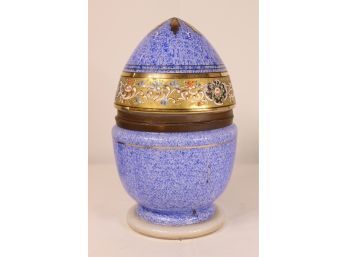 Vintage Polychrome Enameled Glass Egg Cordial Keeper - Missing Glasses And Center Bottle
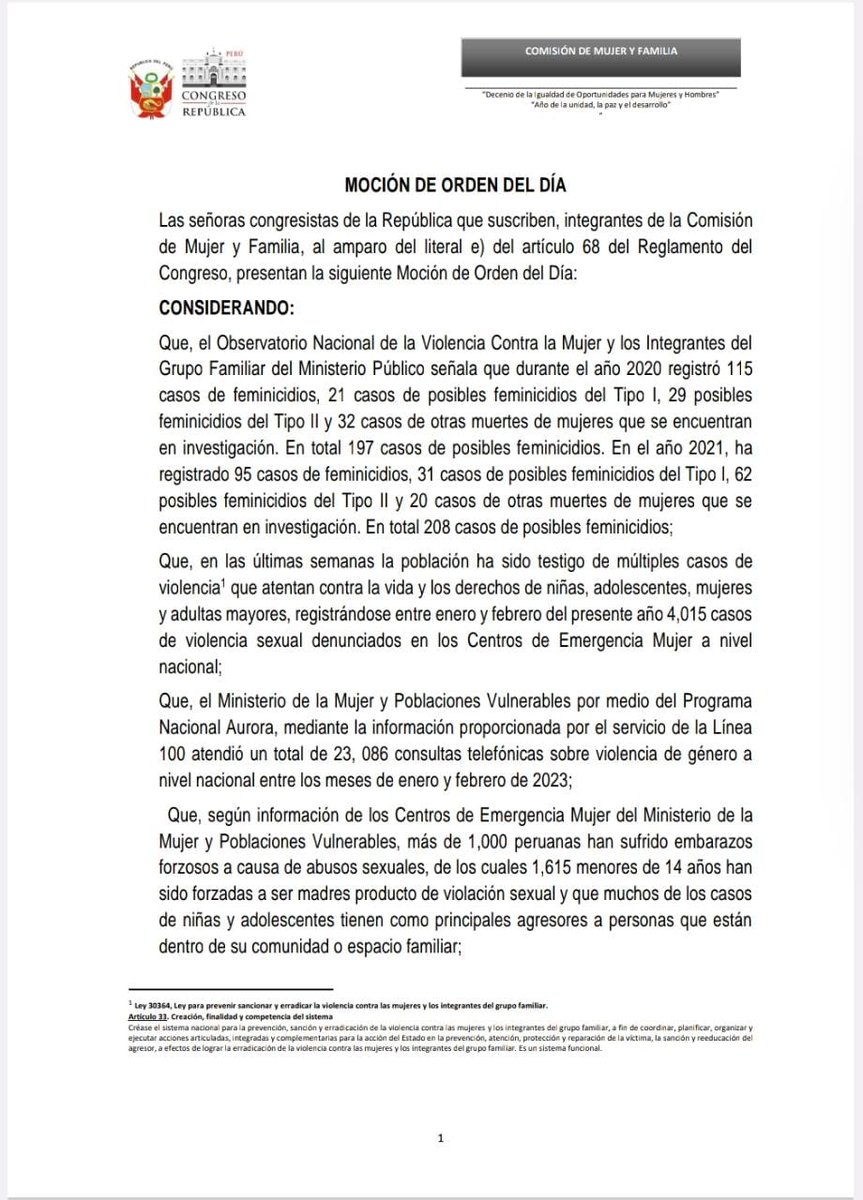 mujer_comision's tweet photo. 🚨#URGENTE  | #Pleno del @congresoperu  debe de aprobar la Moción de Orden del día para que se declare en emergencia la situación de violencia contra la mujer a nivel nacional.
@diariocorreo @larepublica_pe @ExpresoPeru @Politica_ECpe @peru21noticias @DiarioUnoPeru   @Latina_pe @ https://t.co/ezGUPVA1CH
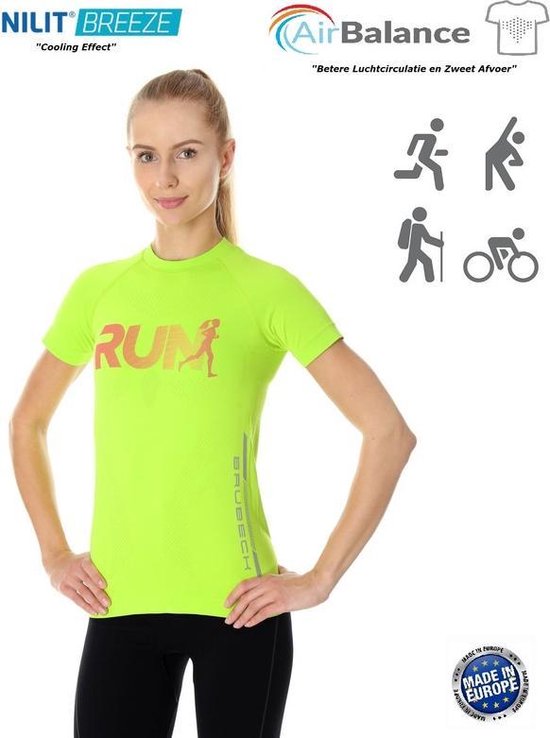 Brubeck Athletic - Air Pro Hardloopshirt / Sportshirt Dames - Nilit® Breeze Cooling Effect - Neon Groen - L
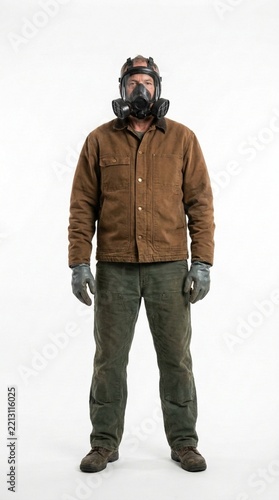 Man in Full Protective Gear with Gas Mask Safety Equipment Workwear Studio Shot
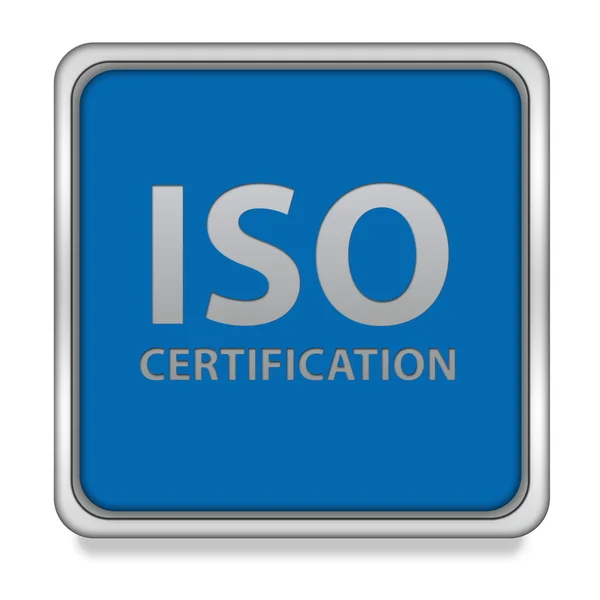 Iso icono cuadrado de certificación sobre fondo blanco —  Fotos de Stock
■ ■ ■
• WHAT THE EXERCISE ASKS: All of the entries above should be copied exactly, with the images left out.

• SOLUTION TO THE EXERCISE:
 Vintage Polychrome Enameled Glass Egg Cordial Keeper - Missing Glasses And Center Bottle
 mujer_comision's tweet photo. 🚨#URGENTE  | #Pleno del @congresoperu  debe de aprobar la Moción de Orden del día para que se declare en emergencia la situación de violencia contra la mujer a nivel nacional.
@diariocorreo @larepublica_pe @ExpresoPeru @Politica_ECpe @peru21noticias @DiarioUnoPeru   @Latina_pe @ https://t.co/ezGUPVA1CH
 Brubeck Athletic - Air Pro Hardloopshirt / Sportshirt Dames - Nilit® Breeze Cooling Effect - Neon Groen - L
 Man in Full Protective Gear with Gas Mask Safety Equipment Workwear Studio Shot
 Iso icono cuadrado de certificación sobre fondo blanco —  Fotos de Stock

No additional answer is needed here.